In this section are described other available configuration parameters to configure:

  • Cache expiration time:

    <map name="CacheProviderMap">
    ...
    
            <time-to-live-seconds>0</time-to-live-seconds>
            <max-idle-seconds>0</max-idle-seconds>
    
    </map>
    

    Where time-to-live-seconds indicates how many seconds an entry can stay in cache and max-idle-seconds indicates how many seconds an entry may be not accessed before being evicted.

  • Near Cache.

    <map name="CacheProviderMap">
    ...
    <near-cache>
      <!--
            Same configuration parameters of the Hazelcast Map. Note that size indicates the maximum number of
            entries in the near cache.
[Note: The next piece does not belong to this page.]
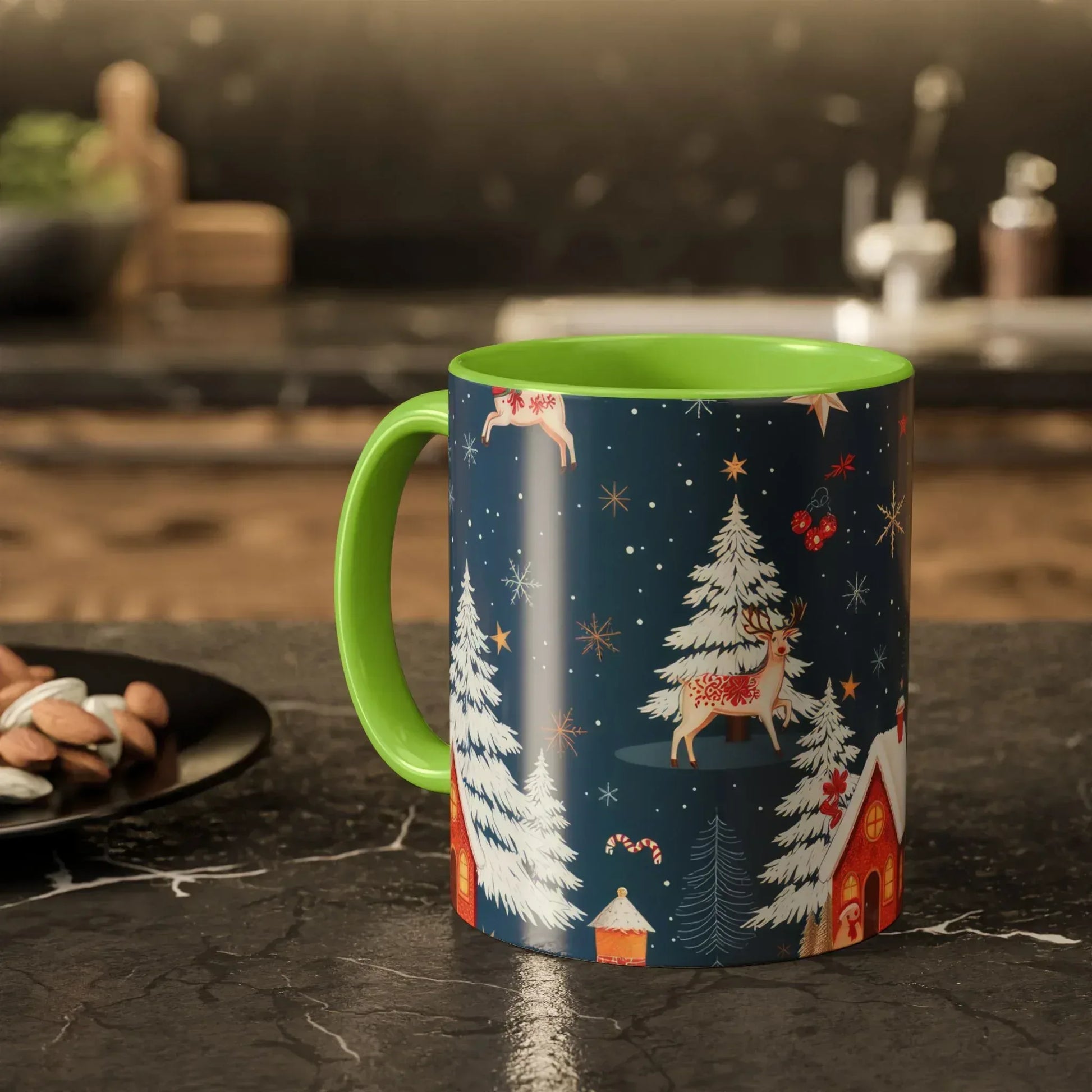 Dark Blue Christmas Mug - Colorful Mugs (11oz, 15oz) - KARARMDESIGN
A value of Integer.MAX_VALUE indicates no limit on the maximum
            size.
      -->
      <max-size>5000</max-size>
      <time-to-live-seconds>0</time-to-live-seconds>
      <max-idle-seconds>60</max-idle-seconds>
      <eviction-policy>LRU</eviction-policy>
    
      <!--
            Indicates if a cached entry can be evicted if the same value is modified in the Hazelcast Map. Default is true.
      -->
      <invalidate-on-change>true</invalidate-on-change>
    
      <!--
            Indicates if local entries must be cached. Default is false.
      -->
      <cache-local-entries>false</cache-local-entries>
    </near-cache>
    
    </map>
    

    Near Cache is a local cache for each cluster instance which is used for caching entries in the other cluster instances. This behaviour avoids to request those entries each time by executing a remote call. This feature could be helpful in order to improve Hazelcast Cache performances.

    Note

    A value of max-size bigger or equal to Integer.MAX_VALUE cannot be used in order to avoid an uncontrollable growth of the cache size.